In 17 years as a professional conditioning coach, Warriors head trainer Carl Jennings has seen no evidence of institutionalised doping in rugby league.
Jennings, a former British shotput champion, said no player he had been involved with had ever failed a test for performance enhancing drugs. The idea that doping at some clubs could be systematic was beyond belief.
"I can't believe that. I literally can't believe that," Jennings said.
"The NRL, from my experience, is a really nurturing, positive, trusting environment. So when things like this pop up it is really concerning."
The Warriors have not been implicated in the doping investigation that has shocked Australian sport.

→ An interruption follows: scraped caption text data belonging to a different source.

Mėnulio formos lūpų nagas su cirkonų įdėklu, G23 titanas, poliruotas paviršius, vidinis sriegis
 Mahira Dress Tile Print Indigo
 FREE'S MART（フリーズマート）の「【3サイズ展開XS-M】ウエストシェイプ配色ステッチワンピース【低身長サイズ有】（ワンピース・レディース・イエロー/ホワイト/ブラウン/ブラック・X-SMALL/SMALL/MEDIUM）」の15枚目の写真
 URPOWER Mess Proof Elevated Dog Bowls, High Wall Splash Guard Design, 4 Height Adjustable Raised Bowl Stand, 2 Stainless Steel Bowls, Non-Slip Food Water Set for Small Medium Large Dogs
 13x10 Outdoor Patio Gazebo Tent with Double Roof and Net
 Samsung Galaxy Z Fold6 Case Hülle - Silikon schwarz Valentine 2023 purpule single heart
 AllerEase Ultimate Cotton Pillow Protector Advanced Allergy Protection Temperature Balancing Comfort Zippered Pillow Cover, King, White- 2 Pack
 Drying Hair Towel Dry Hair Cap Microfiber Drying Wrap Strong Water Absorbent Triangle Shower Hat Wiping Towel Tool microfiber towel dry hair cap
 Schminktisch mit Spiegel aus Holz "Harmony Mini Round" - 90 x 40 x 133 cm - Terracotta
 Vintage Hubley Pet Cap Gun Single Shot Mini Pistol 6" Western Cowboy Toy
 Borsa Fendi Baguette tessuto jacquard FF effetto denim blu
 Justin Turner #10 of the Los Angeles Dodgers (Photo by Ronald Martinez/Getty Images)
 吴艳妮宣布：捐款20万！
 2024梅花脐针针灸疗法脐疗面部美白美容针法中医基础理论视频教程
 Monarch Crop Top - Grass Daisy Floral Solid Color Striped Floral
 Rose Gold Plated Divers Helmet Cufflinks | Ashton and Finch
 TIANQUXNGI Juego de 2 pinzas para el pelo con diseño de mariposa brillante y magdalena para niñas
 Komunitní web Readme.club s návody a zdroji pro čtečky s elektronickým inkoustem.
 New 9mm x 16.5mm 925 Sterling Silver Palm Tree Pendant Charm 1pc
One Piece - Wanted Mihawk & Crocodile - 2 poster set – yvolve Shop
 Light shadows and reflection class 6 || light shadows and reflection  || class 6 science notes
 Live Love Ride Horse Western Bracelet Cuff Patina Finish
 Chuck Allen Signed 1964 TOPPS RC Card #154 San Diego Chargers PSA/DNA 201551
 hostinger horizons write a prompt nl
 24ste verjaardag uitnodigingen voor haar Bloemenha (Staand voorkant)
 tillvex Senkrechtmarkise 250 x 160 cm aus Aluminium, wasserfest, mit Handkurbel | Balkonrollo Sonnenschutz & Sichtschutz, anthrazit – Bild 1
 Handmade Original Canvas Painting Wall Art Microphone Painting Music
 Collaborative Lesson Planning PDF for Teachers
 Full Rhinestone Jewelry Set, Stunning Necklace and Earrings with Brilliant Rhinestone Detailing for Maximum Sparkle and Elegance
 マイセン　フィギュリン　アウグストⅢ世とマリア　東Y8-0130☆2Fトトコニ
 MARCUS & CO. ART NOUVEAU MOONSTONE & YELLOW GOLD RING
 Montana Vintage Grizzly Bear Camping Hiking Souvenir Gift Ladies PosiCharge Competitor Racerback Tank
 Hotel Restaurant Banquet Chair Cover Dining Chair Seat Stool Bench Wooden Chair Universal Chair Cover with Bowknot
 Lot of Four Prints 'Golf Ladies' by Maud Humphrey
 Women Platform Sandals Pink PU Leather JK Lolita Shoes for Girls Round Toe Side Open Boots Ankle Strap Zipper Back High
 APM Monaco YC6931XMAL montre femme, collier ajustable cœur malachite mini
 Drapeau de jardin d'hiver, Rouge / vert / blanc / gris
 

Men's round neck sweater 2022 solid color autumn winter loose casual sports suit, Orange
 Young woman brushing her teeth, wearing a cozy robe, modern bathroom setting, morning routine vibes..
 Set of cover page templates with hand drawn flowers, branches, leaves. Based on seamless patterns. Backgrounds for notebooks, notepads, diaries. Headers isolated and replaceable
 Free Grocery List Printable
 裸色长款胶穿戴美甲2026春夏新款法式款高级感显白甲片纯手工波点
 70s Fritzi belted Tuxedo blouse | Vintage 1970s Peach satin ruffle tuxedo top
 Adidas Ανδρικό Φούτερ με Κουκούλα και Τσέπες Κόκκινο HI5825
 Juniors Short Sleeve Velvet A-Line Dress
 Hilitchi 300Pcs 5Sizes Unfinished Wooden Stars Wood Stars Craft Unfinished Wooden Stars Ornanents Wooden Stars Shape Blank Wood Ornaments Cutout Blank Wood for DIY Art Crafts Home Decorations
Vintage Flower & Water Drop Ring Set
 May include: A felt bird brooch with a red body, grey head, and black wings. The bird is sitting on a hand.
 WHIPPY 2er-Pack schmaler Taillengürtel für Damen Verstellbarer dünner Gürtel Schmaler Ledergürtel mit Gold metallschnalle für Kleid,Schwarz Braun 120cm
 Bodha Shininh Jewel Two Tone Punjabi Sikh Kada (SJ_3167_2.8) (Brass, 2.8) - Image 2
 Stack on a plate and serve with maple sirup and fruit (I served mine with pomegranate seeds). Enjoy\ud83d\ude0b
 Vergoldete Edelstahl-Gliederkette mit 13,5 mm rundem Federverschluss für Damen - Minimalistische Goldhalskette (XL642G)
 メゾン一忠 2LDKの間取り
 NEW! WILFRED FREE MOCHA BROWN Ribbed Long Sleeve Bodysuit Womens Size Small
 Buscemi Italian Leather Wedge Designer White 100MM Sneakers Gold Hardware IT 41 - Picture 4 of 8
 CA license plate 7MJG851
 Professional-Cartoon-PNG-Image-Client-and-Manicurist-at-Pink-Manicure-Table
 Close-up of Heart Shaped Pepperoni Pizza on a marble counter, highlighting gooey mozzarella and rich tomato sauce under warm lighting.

However Penrith and Canberra - clubs Jennings and head coach Matthew Elliott have previously worked at - are among the six NRL clubs now under investigation by USADA following an Australian Crime Commission investigation that uncovered links between organised crime and doping.
Australian media yesterday reported that all six clubs under investigation have links to biochemist Stephen Dank, the former head of the sports science programme at Essendon Bombers AFL club.
Dank has appeared on Australian television denying any wrongdoing.
Jennings said he had received no contact from any investigators, and had no idea what investigators were hoping to uncover.
"I'm in the dark as much as you are. Nobody from USADA has spoken to me, nobody from the crime commission has spoken to me. If they do I'll be completely co-operative. It's very concerning because we love our sport and love what we do and we also love the players that we coach.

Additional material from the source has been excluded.